Sad you seem to miss the point completely. Yes, I would be completely and utterly wrong to claim that single flap is never used phonetically. Phonemically speaking, though, I was right, for Polish does not employ single flap as a distinctive phoneme, and, as I outlined, it would be less than wise to go for a flap when trying to reach polish /r/; thus my disagreement was rather meritable, I dare to posit. Full stop, as you said! Let us speak of this no further. Though as a sidenote, you reminded me why I give Warsaw a wide berth!

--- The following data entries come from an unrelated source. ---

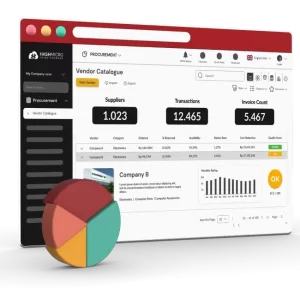 Software Sistem ERP Meningkatkan Daya Saing Bisnis di Era Global
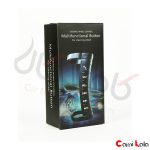 کنترل فرمان بی سیم یونیورسال مانیتور مدل Steering Wheel Controller CF255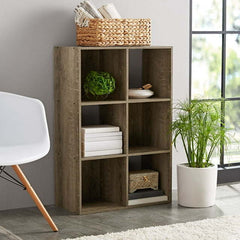 6 - Cube Storage Organizer - SHOWLU FASHION STORE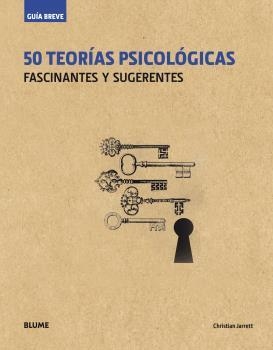 50 TEORÍAS PSICOLÓGICAS (GUIA BREVE) | 9788498019810 | JARRETT, CHRISTIAN | Llibreria Drac - Llibreria d'Olot | Comprar llibres en català i castellà online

I found a guideline for foreign speakers on Polish pronunciation and it seems to include some handy tips for Chinese speakers as well, though, after quick perusal, I see the "r" issue was not extensively covered. Worth a try anyway: Polish For Foreigners | Language | Polish Pronunciation | Warsaw-life


----------



## jasio

tewlwolow said:


> Phonemically speaking, though, I was right, for Polish does not employ single flap as a distinctive phoneme


I've never claimed it.


----------



## Wen24

Thank you for everyone. 
It's today's recording of my rolling R. 
I was trying to say "RA" and "TRUSKAWKA", but I still can hear "D"+"rolling R" from my recording. ORZ  
IMG_2681.MOV


----------



## Ben Jamin

Hello!
You are on a right way. Just keep practising it in normal speech, and your pronunciation will gradually become more similar to that of the native speakers. Just remember two things:
1. Eliminate the guttural (throat) part of your pronunciation (mostly heard in the first part of the recording - single R-sound).
2. Practise more smooth transition between the R and surrounding consonants.


----------



## Wen24

I got it. Thank you.


----------



## jasio

Hi Wen,



Wen24 said:


> Thank you for everyone.
> It's today's recording of my rolling R.
> I was trying to say "RA" and "TRUSKAWKA", but I still can hear "D"+"rolling R" from my recording. ORZ
> IMG_2681.MOV


You roll beautifully.
If you didn't write about the initial "d", I would not hear it at all, and actually I had an impression that you had more problems with "truskawka".  Once I learned about the "d", I notice a trace of it indeed, but I would not bother too much. I agree with Ben Jamin that what you need at this stage is actually practising.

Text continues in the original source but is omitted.